Then there are brands, like Curology, which use the expertise of medically-trained providers (doctors, physician assistants), to create unique formulations that target breakouts, fine lines, and other skin concerns. Similarly, there is Docent, which employs medical doctors to assess a makeup-free selfie and vanity shelfie before shipping your skin prescription.
Machine learning is even being used to improve the subscription box model. “We use data to connect customers to products that work and curate high-performing skin-care routines that they never would have assembled on their own,” says Katrina Moreno Lewis, founder and CEO of Kura Skin, a quarterly subscription box that offers a complete, bespoke routine — from cleanser to sunscreen — that starts at $99 or can be purchased as a one-off.
Quickly and effectively calming redness, fading melasma, and beating breakouts with the help of technology sounds like a dream, but this data-driven trend brings up important questions. First, can an at-home quiz really unlock the secret to healthier skin?
“Self-reported data has limits,” says Corey L. Hartman, M.D., a board-certified dermatologist based in Birmingham, Alabama, explaining that the very language we use to describe our skin concerns is up for interpretation. “There aren’t very many specific parameters or criteria for some of these terms that we put a lot of credibility on.”
For example, he says the reason why medical papers don’t use the terms “dry,” “oily,” or “combination” is that they mean different things to different people. “These are things that we talk about in beauty spaces and marketing, but in terms of real scientific data, there’s nothing that’s tied to that, so what does it really mean?”
Another question to consider is how our personal health data is being stored and used. Margaret Foster Riley, a health privacy expert and professor of law at The University of Virginia, raises a few red flags about this growing trend. “Sometimes you’ll see companies will assert that they’ll never sell or use your data improperly but what’s unclear is what happens in a succession context,” she says, noting that your data might not be protected in a bankruptcy or acquisition (both common with startups).
Then there are potential long-term risks: “A lot of people [who willingly provide their data to companies] are young and healthy and not thinking of the impact that might be with health insurance or, even in some contexts, employment,” Riley adds. “They go into it willing to share everything, then, later on, they recognize that if things come out they may have an obligation to share it with a long-term care company or a life insurance company and they weren’t thinking about that at the time.” It gets more complicated when more-in depth tests are involved, a natural progression of the trend we are undoubtedly going to see increasing.

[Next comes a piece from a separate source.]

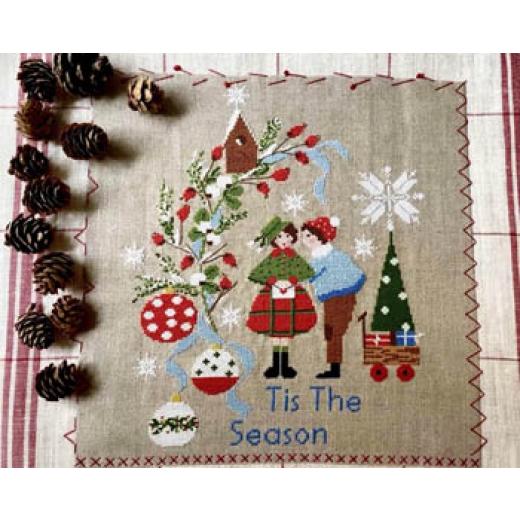 Lilli Violette - Tis The Season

Take Veracity Selfcare, the New York City-based startup’s process starts with a $149 mail-in spit test, but unlike genealogy companies like 23andMe that look at DNA, it’s checking hormones — like estrogen and testosterone — and pH levels. “Our test results give women real insights into the state of their hormones and offer solutions that will improve their skin health, from skin-care products and ingredients they should use to diet and lifestyle recommendations tailored to their unique biofactors,” says founder and CEO Allie Egan.
Right now, the tech is geared towards women, but Egan says they plan to expand to men in the future. “We focus on women because we test estrogen and progesterone, which are female dominant hormones, but have had men take the test,” she says. “In the future, we’ll be able to provide more customized insight for men.”
For example, if Veracity’s test shows low estrogen levels, which could mean decreased collagen production, its algorithm would then prompt the website to recommend a collagen-boosting serum or something from its own line of products, like its Bioevolve Serum for $85 or Bioevolve Moisturizer for $75.